We are also interested in tracking down photographs of any murder victims that are currently unavailable.

Can you explain the colour-coding system on the map?

Each murder pin is colour-coded according to the main weapon used (usually the cause of the fatal injury). Most categories are self-explanatory, but 'none' refers to a death caused by the use of punches or kicks and 'Ligature' refers to strangulations using cords, wires or materials such as scarves or ties. The category 'other' includes death by fire/arson.

How do you decide which date to file for each case?

We always use the date of death rather than the date of the fatal attack (although they are usually the same). A case only becomes a murder when the victim has died. If there is a delay between the incident and the death then we attempt to make this clear in our case summary.

How do you decide whether to add a case or not?

In many cases it is obvious whether a case of murder or manslaughter should be on the database. But often it is not clear cut and in the end it comes down to our own judgement.

For example, we include cases where a suspect is charged with murder but is acquitted on the grounds of self defence. Although nobody has been convicted, the case is classed as 'solved.'

The site currently does not include cases of 'justifiable homicide by police' unless someone is charged with murder or manslaughter. This explains why we include the death of Ian Tomlinson but not Jean Charles de Menezes.

Several cases are investigated by police as 'unexplained' or 'suspicious' deaths. These are not placed on the database until they are officially classed as homicides. However, we will often cover these other cases on the news page.

If we choose not to add a case, or remove a case, we will explain our reasons on the murdermap blog under the category 'Off the Map'.

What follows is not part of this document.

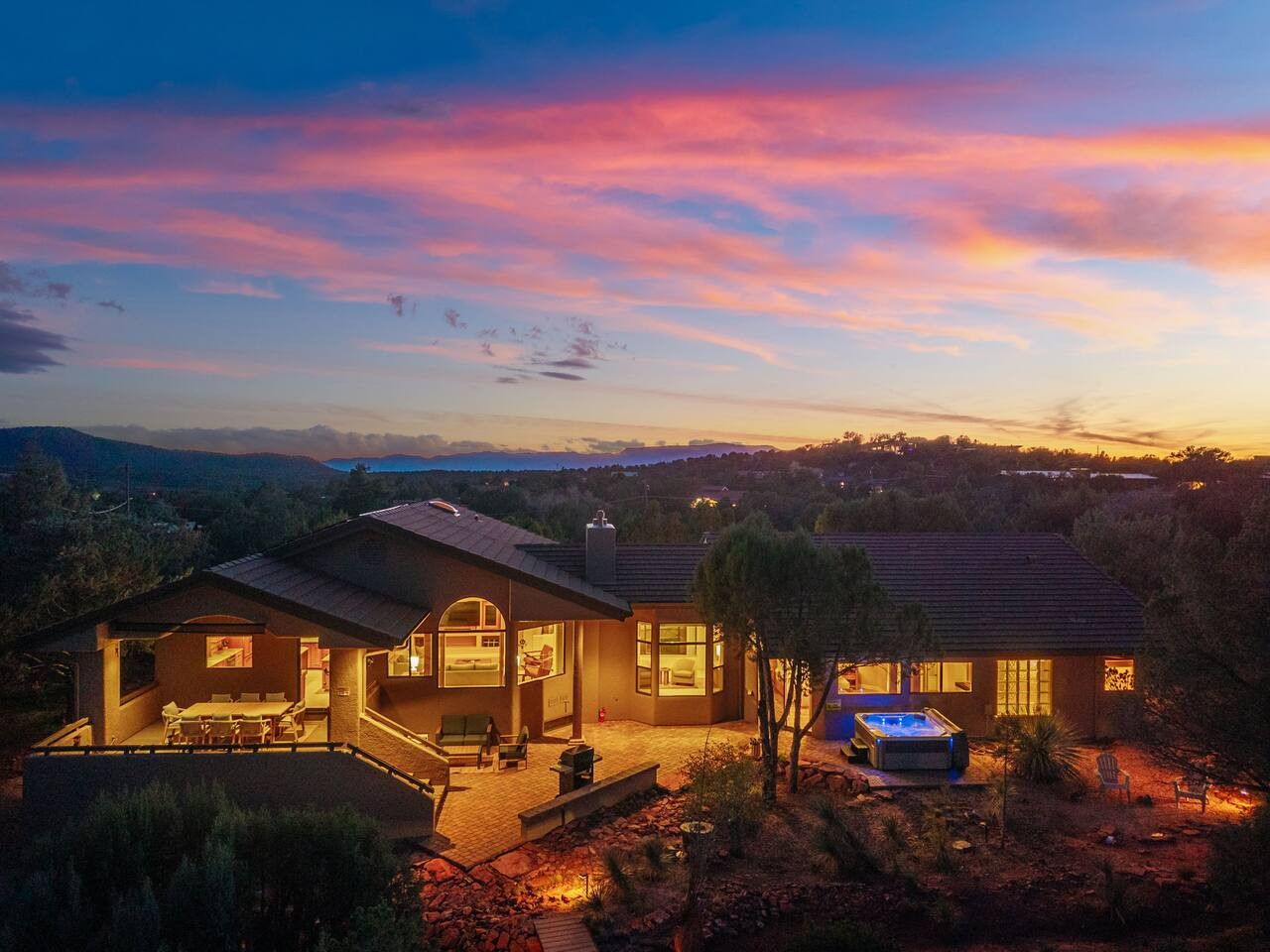 Dry Creek Escape | Hot Tub, Views, Fireplaces 7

We welcome any comments and suggestions on this policy.

Why are your statistics different from the Metropolitan Police?

Often our website will show a slightly different number of homicides to the statistics issued by the Metropolitan Police (see the Crime figures page on the Met website). The main reason for this is the way the police record the date of any homicide. Whereas murdermap lists every case under the date of death, the police use a 'recorded date' when the victim became the subject of a murder investigation. This might occur weeks, months or years after the crime. As a result, our figures are sometimes slightly lower than those of the Metropolitan Police.